Over a million developers have joined DZone.

TokuDB vs. InnoDB in a Timeseries INSERT Benchmark

· Performance Zone

Evolve your approach to Application Performance Monitoring by adopting five best practices that are outlined and explored in this e-book, brought to you in partnership with BMC.

This post comes from at the MySQL Performance Blog.

This post is a continuation of my research into TokuDB’s storage engine to understand if it is suitable for timeseries workloads.

While inserting LOAD DATA INFILE into an empty table shows great results for TokuDB, it would be more interesting to see some realistic workloads.

So this time let’s take a look at the INSERT benchmark.

What I am going to do is insert data in 16 parallel threads into the table from the previous post:

CREATE TABLE `sensordata` (
  `ts` int(10) unsigned NOT NULL DEFAULT '0',
  `sensor_id` int(10) unsigned NOT NULL,
  `data1` double NOT NULL,
  `data2` double NOT NULL,
  `data3` double NOT NULL,
  `data4` double NOT NULL,
  `data5` double NOT NULL,
  `cnt` int(10) unsigned NOT NULL,
  PRIMARY KEY (`sensor_id`,`ts`)
)

The inserts are bulk inserts with sequentially increasing ts and with sensor_id from 1 to 1000.

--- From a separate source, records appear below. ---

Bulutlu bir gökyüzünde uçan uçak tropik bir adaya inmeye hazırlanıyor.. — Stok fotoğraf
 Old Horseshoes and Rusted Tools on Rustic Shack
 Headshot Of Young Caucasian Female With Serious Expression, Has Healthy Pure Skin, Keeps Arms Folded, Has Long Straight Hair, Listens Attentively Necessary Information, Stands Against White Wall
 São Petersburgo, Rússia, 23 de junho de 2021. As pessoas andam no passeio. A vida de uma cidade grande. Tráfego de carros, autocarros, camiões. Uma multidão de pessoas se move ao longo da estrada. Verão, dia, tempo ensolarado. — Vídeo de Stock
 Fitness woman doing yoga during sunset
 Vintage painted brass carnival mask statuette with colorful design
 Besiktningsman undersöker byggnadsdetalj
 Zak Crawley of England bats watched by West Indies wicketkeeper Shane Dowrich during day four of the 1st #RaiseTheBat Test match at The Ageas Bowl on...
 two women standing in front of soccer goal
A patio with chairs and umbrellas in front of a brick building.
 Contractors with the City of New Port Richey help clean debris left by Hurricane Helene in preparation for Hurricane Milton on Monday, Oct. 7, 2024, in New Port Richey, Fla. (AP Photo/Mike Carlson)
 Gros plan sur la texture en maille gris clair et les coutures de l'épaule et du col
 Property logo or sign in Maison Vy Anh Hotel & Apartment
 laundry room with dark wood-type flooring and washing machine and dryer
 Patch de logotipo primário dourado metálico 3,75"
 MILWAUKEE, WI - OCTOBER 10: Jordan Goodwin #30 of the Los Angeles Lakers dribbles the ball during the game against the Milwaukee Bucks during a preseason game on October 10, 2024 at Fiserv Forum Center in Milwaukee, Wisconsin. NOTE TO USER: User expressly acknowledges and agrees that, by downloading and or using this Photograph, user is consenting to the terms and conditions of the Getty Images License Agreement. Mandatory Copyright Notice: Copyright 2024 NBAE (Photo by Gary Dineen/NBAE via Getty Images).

While the inserts are not fully sequential, because the primary key is (sensor_id, ts), it is enough to have in memory workload, so I do not expect performance degradation when data exceeds memory. This will play in favor for InnoDB, as it is known that TokuDB performs worse in CPU-bound benchmarks.

The benchmark executes one million events, each event inserts 1,000 records in bulk. When it's finished we should have about one billion records in the table.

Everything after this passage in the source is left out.